Questo tipo di filo è un trecciato di vari materiali, prevalentemen­te derivati da compositi di kevlar e similari. I primi multifibre fecero il loro ingresso nel mercato italiano intorno al 1990 introdotti come alternativa alla treccia d’acciaio per la confe­zione dei terminali (le prime bobine erano tutte confezio­ni da 25 metri). Da subito si rivelarono validissimi per pre­datori come dentici, ricciole o palamite, ma a contatto con pe­sci capaci di tagliare il terminale, come ad esempio gronghi o pesci ser­ra, risultavano invece inutili. Con il passare degli anni, è stata verificata la sua validità per essere utilizzato come filo da mulinello (naturalmente legato a particolari tecniche). Infatti, la caratteristica principale di questi tracciati, è la completa assenza di memoria, cosa che favorisce al massimo la trasmissione delle mangiate dei pesci sulla vetta della canna. Questa caratteristica, oltre al vantaggio del ridotto diametro rispetto al dacron, hanno fatto di questo filo un vero gioiello per la pesca sportiva.

Con la nascita  del trecciato da imbobinare questo filo ha subito no­tevoli cambiamenti soprattutto nel confezionamento. Dalle pic­cole bobine da 25 metri si è pas­sati oggi a quelle da 150/300/500 e 1.000 metri adattabili a tutte le esigenze del pescatore.

Come abbiamo visto le caratteristiche principali di completa assenza di elesticità e ridotto diametro si riscontrano soprattutto paragonandolo ad un comune nylon. Queste caratteristiche diventano essenziali in una tecnica come il bolentino, dove è importante la ri­duzione di attrito idrodinamico, permessa appunto dal trecciato con conseguente impiego di piombature più leggere anche a profondità spesso rilevanti.

Non tutto è positivo

Come sempre accade, però, ogni medaglia ha il suo rovescio, ed anche questo filo, purtrop­po, presenta alcuni piccoli in­convenienti, quali, ad esempio, l’aumentare di rotture di terminali più sottili. Basta pensare a quanto un comune nylon ammortizzi le fu­ghe e le testate di una preda con la sua elasticità.

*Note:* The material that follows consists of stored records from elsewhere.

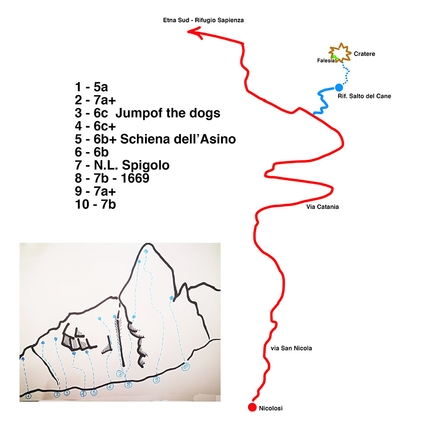 Etna arrampicata, Sicilia, Salto del Cane - La mappa d'accesso e le vie d'arrampicata a Salto del Cane, Etna, Sicilia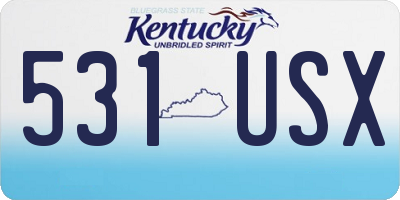 KY license plate 531USX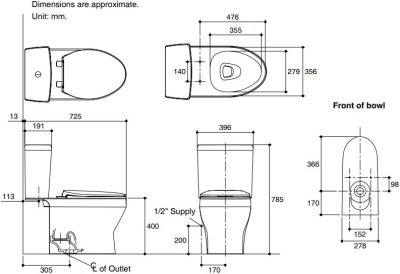 K-99193X-S-WK สุขภัณฑ์ แบบสองชิ้น 3/4.5 ลิตร รุ่น PINE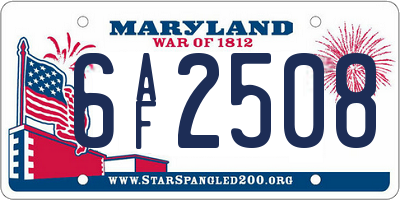 MD license plate 6AF2508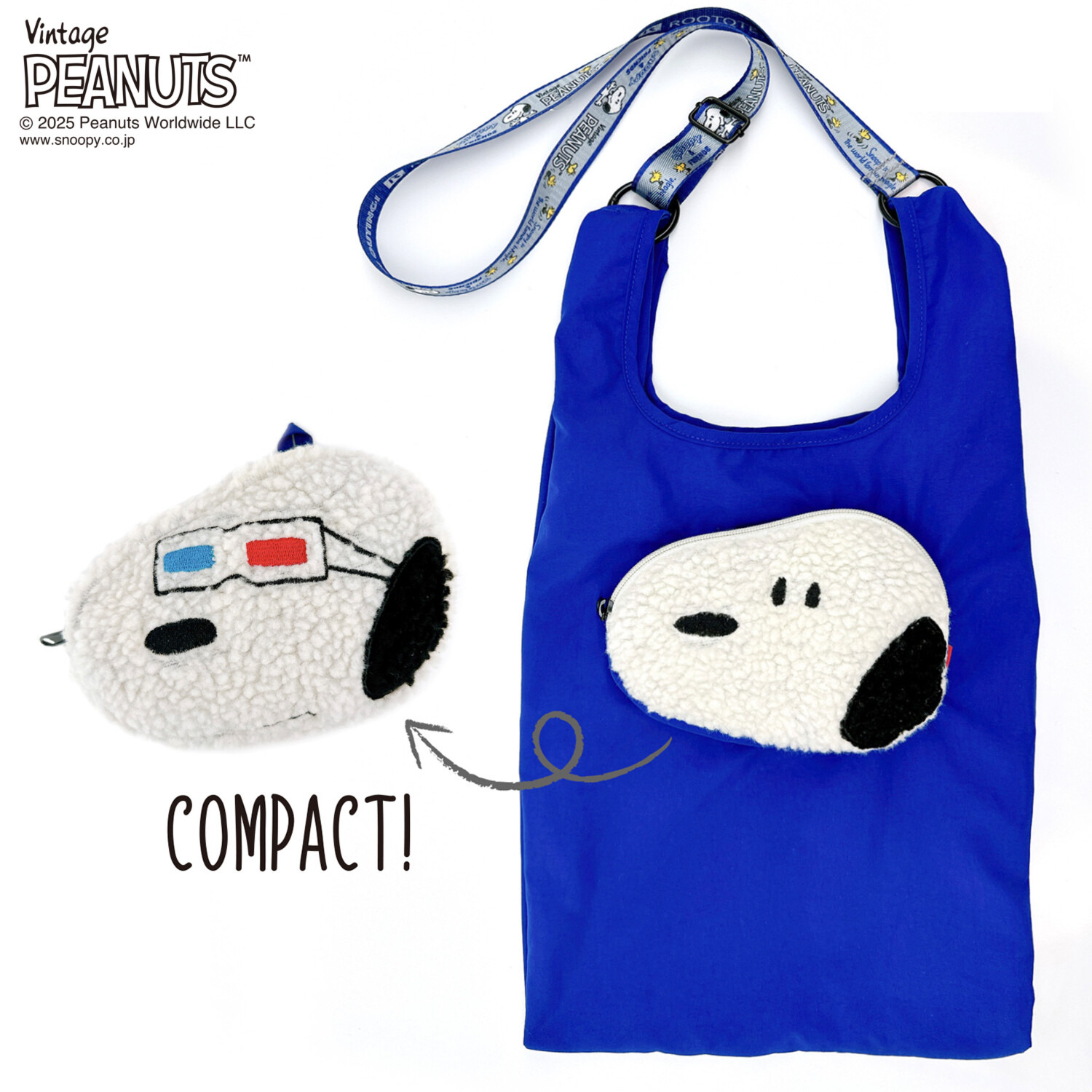 ルートート スヌーピーの ふたつの表情が楽しめる！ 収納可能な ショッパーバッグ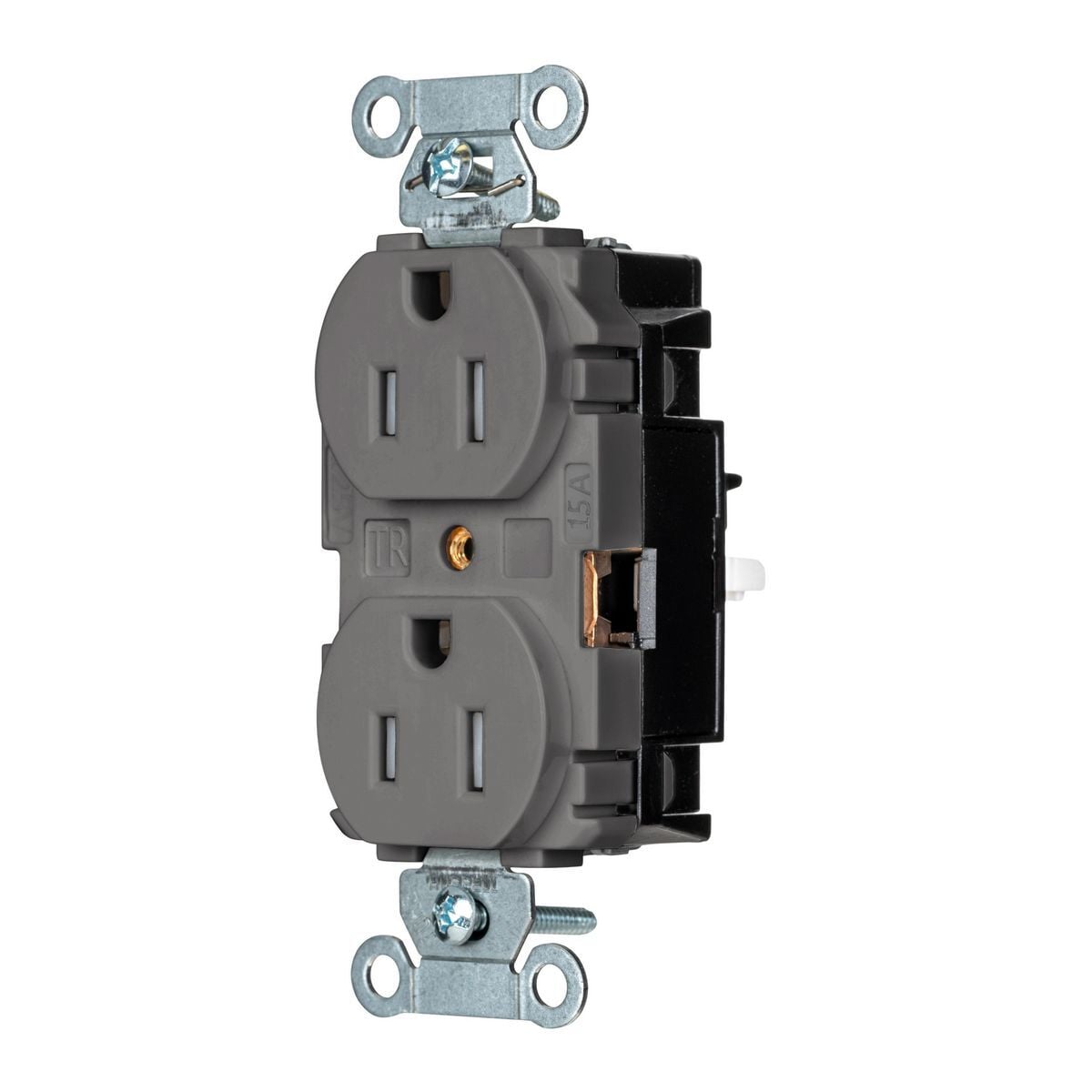 BR15STGYTR EdgeConnect Straight Blade Receptacle, 125 V, 15 A, 2 Poles, 3 Wires, Grey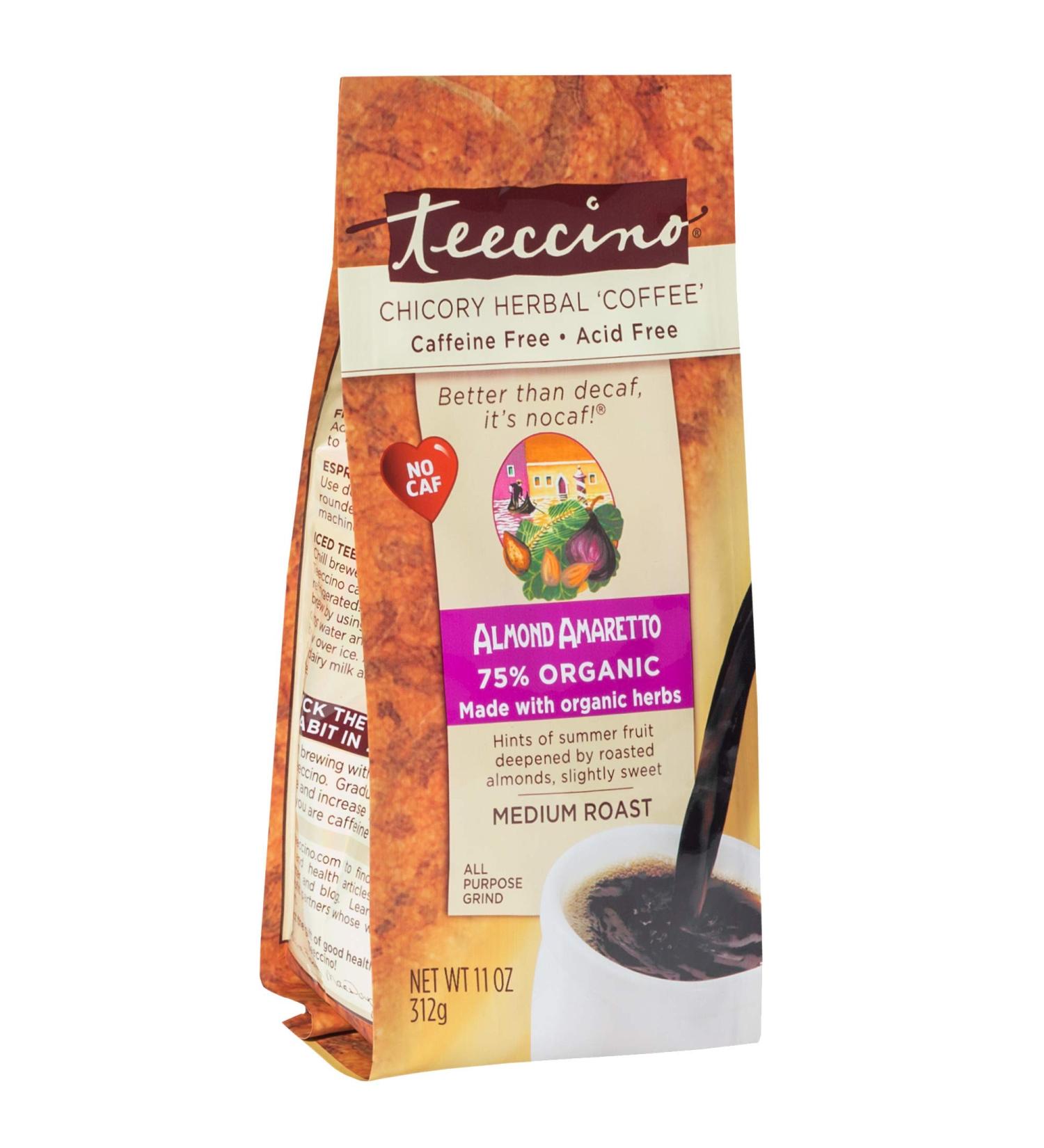 Teeccino Almond Amaretto Herbal Coffee - Medium Roast, Caffeine-Free, 11 oz (312 g) - Buy Online on GoSupps.com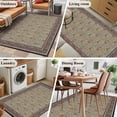 thumbnail image 5 of Area Rugs for Living Room Bedroom, Boho Floral 4'x6' Rug Washable Carpet Runner Indoor Outdoor, Vintage Flowers Abstract Art Ethic Tribe Non Slip Accent Floor Mats Rug for Kitchen, Office, 5 of 8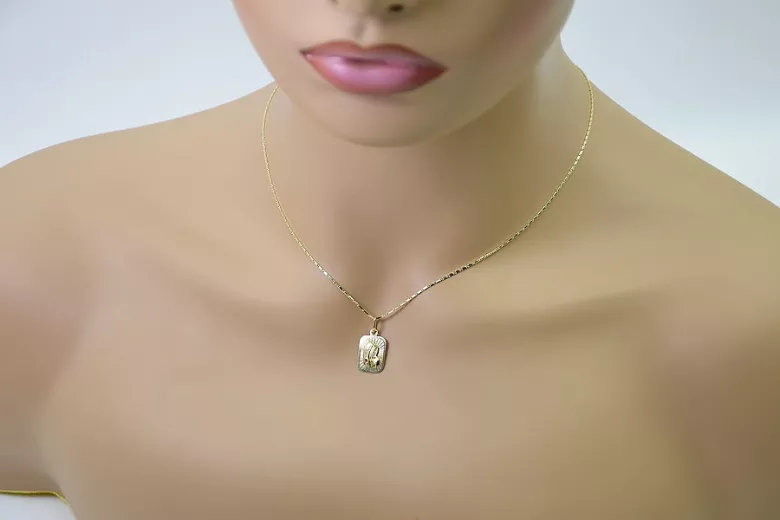 Pendentif en forme d’icône médaillon en or Mary avec chaîne ★ zlotychlopak.pl ★ or 585 333 prix bas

Utilizzando il multifibre questo non accade e spesso, se non si ha un minimo di esperienza, il pesce riesce a rompere la lenza. Un piccolo suggerimento e trucco, se così vogliamo definirlo, può essere quello di mettere uno spezzone di nylon (shock leader) negli ultimi 10/15 me­tri della lenza nel mulinello. Questo potrà servire da semi ammortizzatore, permettendoci di salvare qualche preda in più.

Naturalmente il diametro del nostro shock leader varia in base al diametro del multifibre che metteremo in bobina. Visto che la funzione dello spezzone in nylon è solo quella di ammortizzatore solitamente si sceglie un nylon con un carico di rottura pari a quello del multifibre utilizzato. La giunzione dei due fili viene effettuata in maniere diverse dal Nodo di sangue all’ Albright dall’ FG al Tony Pena.

Una seconda nota negativa è che, avendo una superficie non liscia, quando il trecciato viene a contatto, per una qualsiasi ragione, con altre lenze, siano esse della stessa natura o con il nylon, si verificano spessissimo dei grovigli difficilissimi da di­stricare.